Meski diberi perpanjangan waktu dua bulan dari 24 Juni, tak sampai 10 persen merek rokok yang mencantumkan peringatan kesehatan bergambar pada bungkusnya.
Badan Pengawas Obat dan Makanan (BPOM) diminta berani menindak tegas. "BPOM harus berani bertindak dan cepat. Perpanjangan dua bulan ini menunjukkan kelemahan pemerintah," kata Ketua Asosiasi Pengacara Indonesia pada Pengendalian Tembakau Muhammad Joni, Rabu (17/9).
Dari 3.363 merek rokok yang terdaftar di BPOM hingga 11 September, baru 269 merek yang mencantumkan peringaatan kesehatan bergambar pada kemasannya. Jumlah merek itu berasal dari 67 industri rokok.
Saat ini, industri rokok di Indonesia tercatat 660 perusahaan. Tanpa ada gerakan dari BPOM, pelarangan yang dilakukan industri rokok itu tak akan mendapat sanksi.
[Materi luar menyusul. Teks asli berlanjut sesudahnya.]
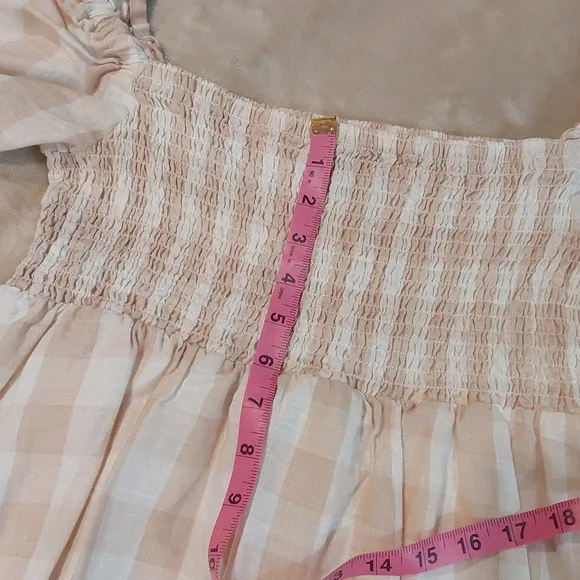 House of Harlow 1960 gingham smocked babydoll mini dress Size L - Picture 6 of 13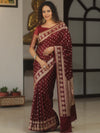 Banarasee Handwoven Semi Katan Saree With Zari Buta Design & Border-Maroon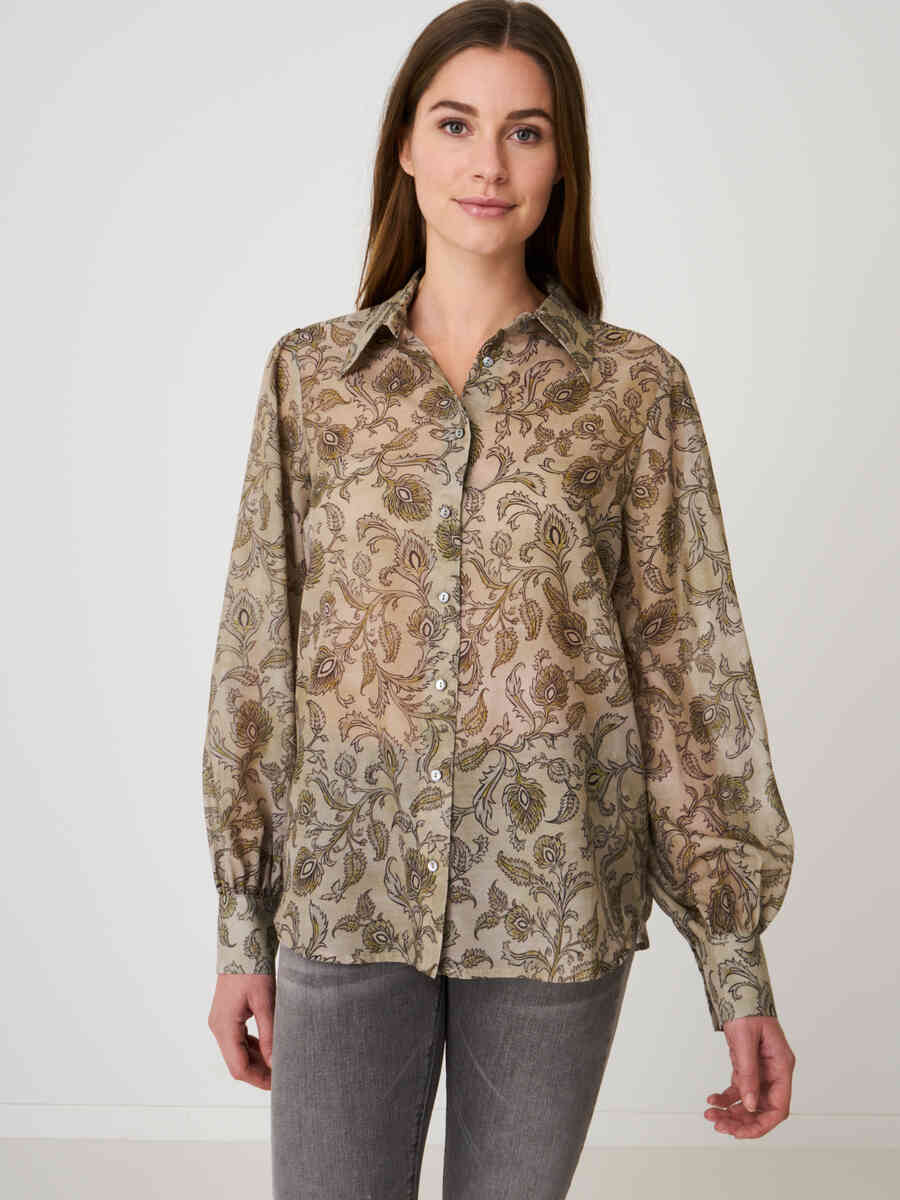 Blouse with long puff sleeves and paisley leaves print
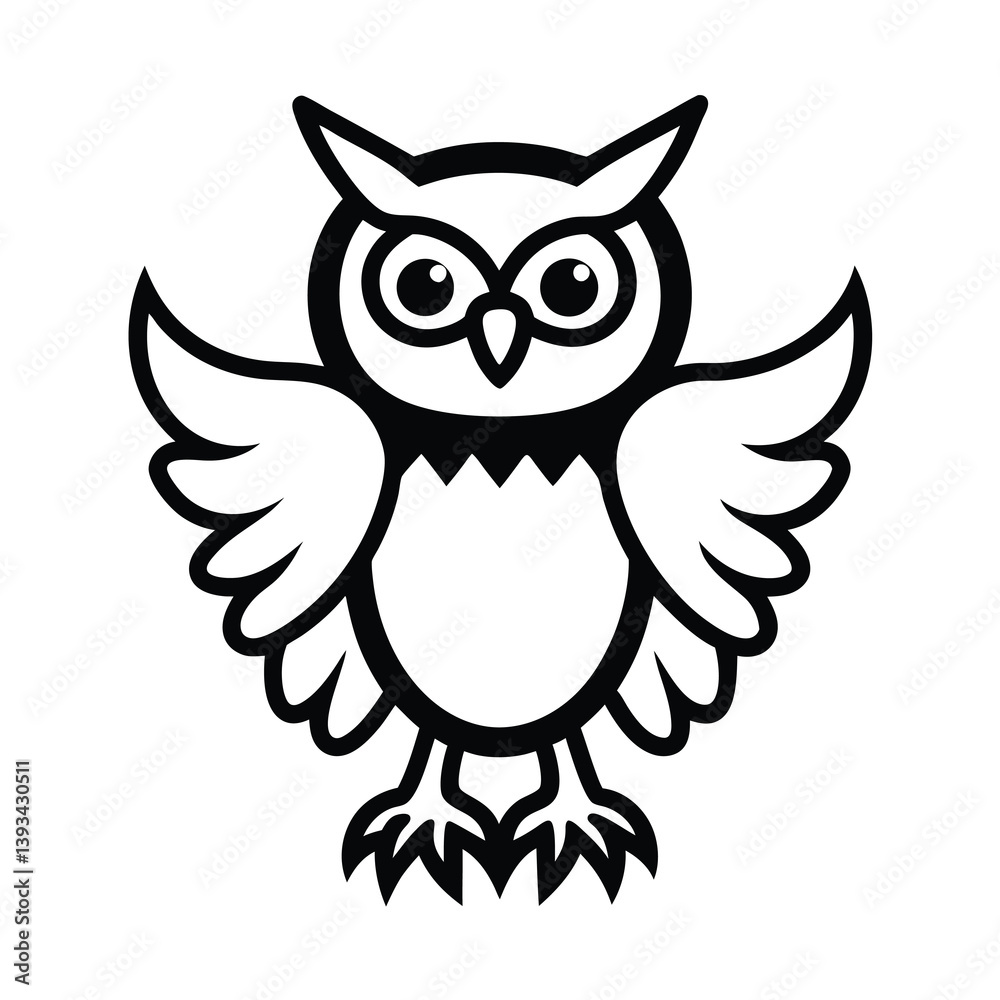 Fototapeta premium owl on white background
Padahal Pasal 114 UU No 36/2009 tentang Kesehatan menyebutkan, setiap orang yang memproduksi atau memasukkan rokok ke wilayah Indonesia wajib mencantumkan peringatan kesehatan.
Penasihat Kebijakan Senior dari Aliansi Pengendalian Tembakau se-Asia Tenggara Mary Assunta mengungkap, ketidaktegasan pemerintah itu dimanfaatkan oleh industri rokok.
Berdasarkan survei di daerah, dua daerah dengan industri rokok terbesar yaitu Jawa Tengah dan Jawa Timur, kepatuhan penerapannya masih rendah. Di Semarang, jumlah produk yang mencatumkannya 49 persen. Di Surabaya 50 persen.
DKI Jakarta tercatat menjadi terendah dalam kepatuhan penerapan ini, 37 persen.